Mit dreizehn wurde er der jüngste Kardinal aller Zeiten, wenn er auch nicht
ganz an Benedikt IX. herankam, der mit elf Papst geworden war. Selbst der
tolerante Innozenz VIII. hatte anscheinend Skrupel, einen Teenager in das
Heilige Kollegium zu erheben; er bestand auf drei Probejahren, damit der Junge
alle Gelegenheit hatte, Theologie und Kirchenrecht zu meistern.
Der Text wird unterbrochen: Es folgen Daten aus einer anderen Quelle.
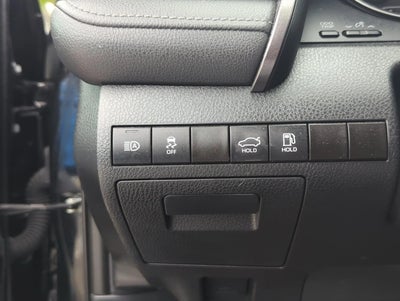 2023 Toyota Camry SE Auto (SE)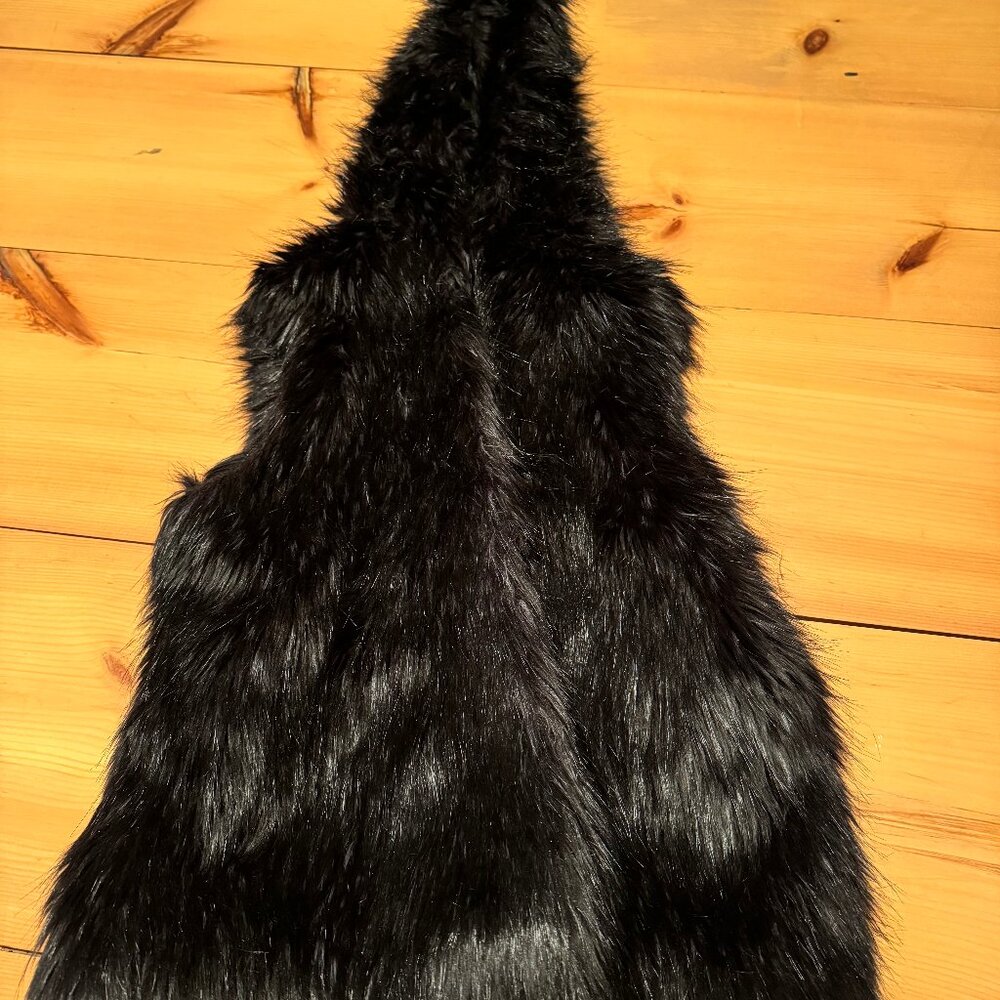 Super Trendy Faux Fur Sleeveless Hoodie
    Bei seiner Wahl zum Papst war
Giovanni ein Mann mit teigigem Gesicht, fett, kurzsichtig, glubschäugig und aus
zunächst nicht deutlichen Gründen keusch. Das heißt, er hatte keine Mätressen
und keine Neffen (oder Bankerte). Der Grund lag wahrscheinlich darin, daß er
ein unternehmungslustiger Homosexueller war. Guiccardini sagte, der neue Papst
habe eine allzugroße Vorliebe für Fleischliches gehabt, »besonders jene
Vergnügungen, die man anständigerweise nicht erwähnen kann«.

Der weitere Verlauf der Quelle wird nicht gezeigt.